• **Exercise**: What you return must be an exact copy of the lines in the listing below between the line holding "Photo - 808 Monroe Ave" and the line holding "United Colors of", inclusive, and nothing more.

• **Exercise input**:
----------

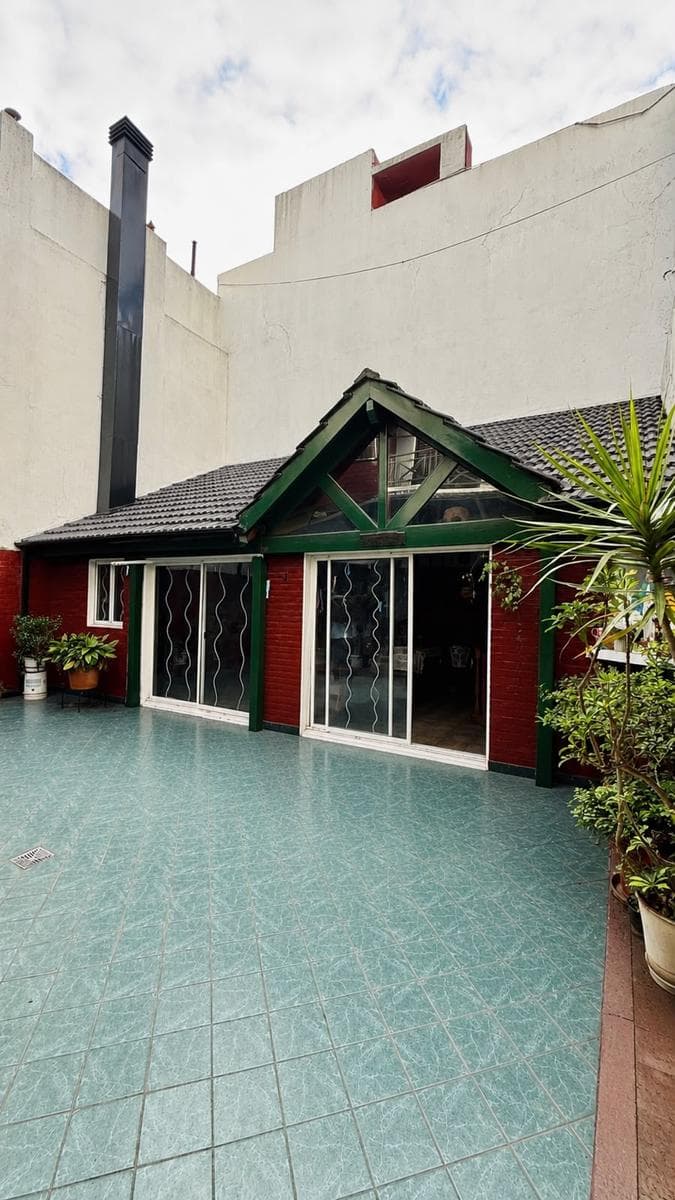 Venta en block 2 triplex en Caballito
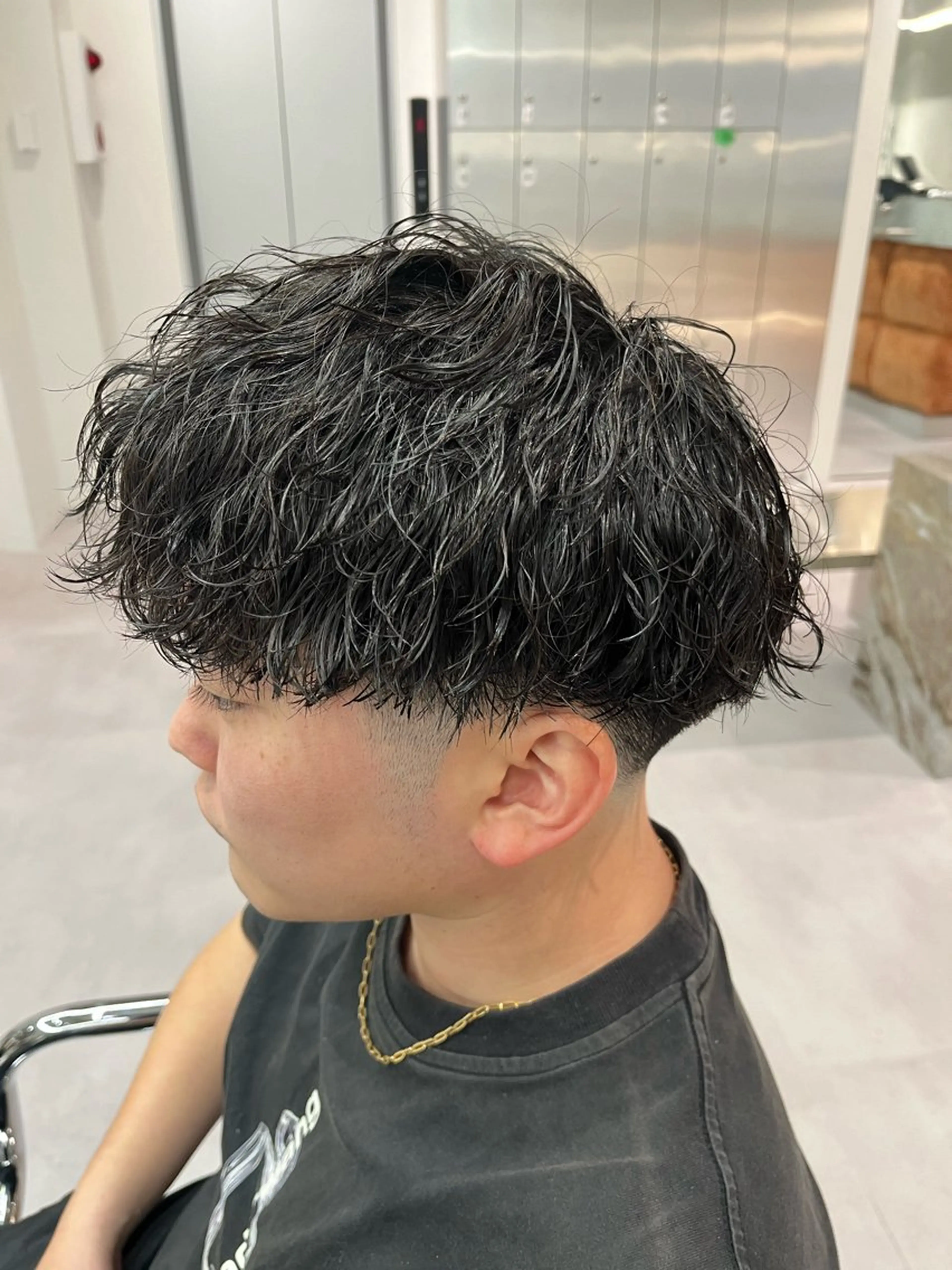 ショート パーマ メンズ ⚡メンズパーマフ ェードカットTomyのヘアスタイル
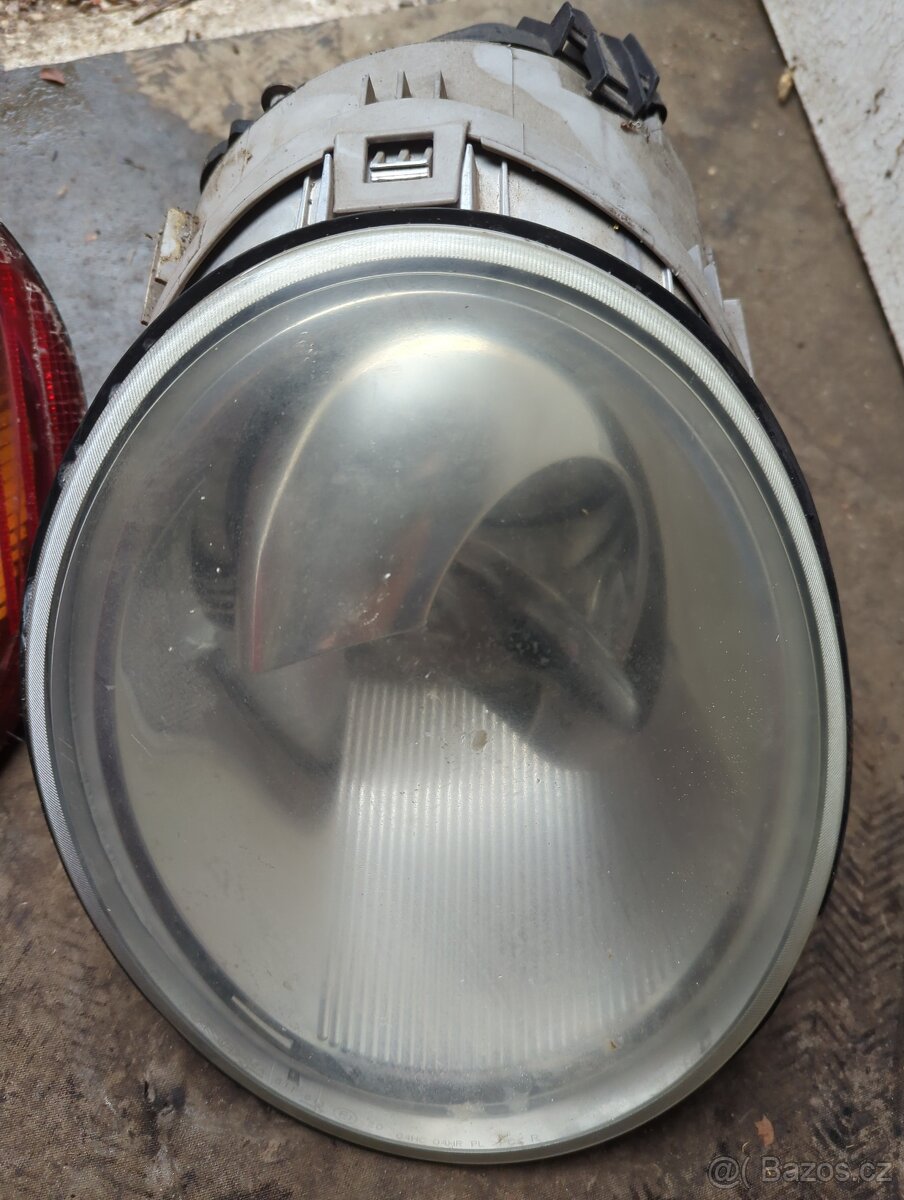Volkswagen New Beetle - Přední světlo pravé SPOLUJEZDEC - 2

----------

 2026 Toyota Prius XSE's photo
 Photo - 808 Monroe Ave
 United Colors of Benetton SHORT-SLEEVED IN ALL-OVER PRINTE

----------

• **Answer to the exercise**:
 Photo - 808 Monroe Ave
 United Colors of Benetton SHORT-SLEEVED IN ALL-OVER PRINTE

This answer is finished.